Personal information
- Full name: Philip Vallance
- Born: 1803 Brighton, Sussex, England
- Died: 3 October 1897 Storrington, Sussex, England
- Batting: Unknown

Domestic team information
- 1829–1834: Sussex

Career statistics
| Competition | First-class |
| Matches | 3 |
| Runs scored | 14 |
| Batting average | 2.33 |
| 100s/50s | –/– |
| Top score | 9 |
| Balls bowled | – |
| Wickets | – |
| Bowling average | – |
| 5 wickets in innings | – |
| 10 wickets in match | – |
| Best bowling | – |
| Catches/stumpings | 1/– |
- Source: Cricinfo, 19 December 2011

= Philip Vallance (cricketer, born 1803) =

English cricketer

Philip Vallance (1803 - 3 October 1897) was an English cricketer. Vallance's batting style is unknown.
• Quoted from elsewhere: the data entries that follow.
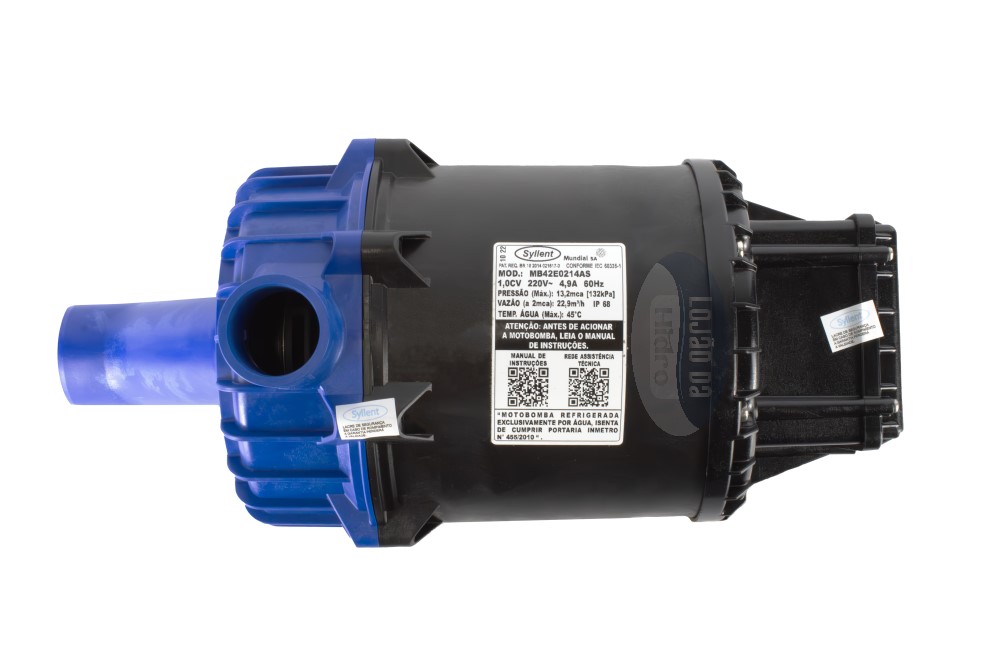 Kit Motobomba Syllent 1.0 CV + Aquecedor Sanspray 3 Funções Digital (220v) - Imagem 3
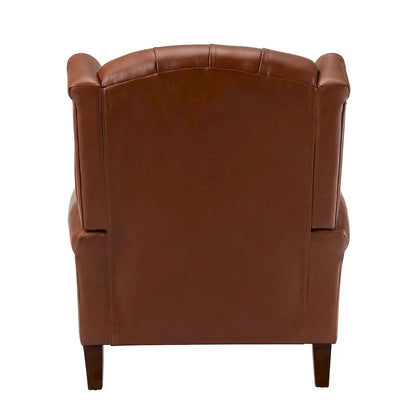 Fauteuil en cuir classique Alex avec clous décoratifs par HULALA HOME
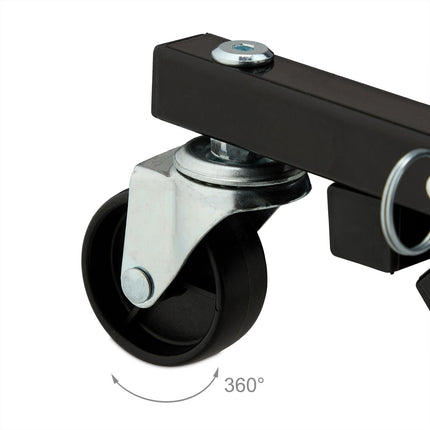 Skládací montážní lehátko pod auto s otočnými kolečky 360°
He was born at Brighton, Sussex.

Vallance made his first-class debut for Sussex against Kent in 1829. He made two further first-class appearances for the county, both of which came against England in 1829 and 1834. In his three first-class matches, he scored 14 runs at an average of 2.33, with a high score of 9.

Vallance was also an amateur astronomer who joined the British Astronomical Association at its inception in 1890. His obituary records his cricketing achievements and learning to ride a bicycle at the age of over 80 and becoming keen cyclist.

He died at Storrington, Sussex on 3 October 1897.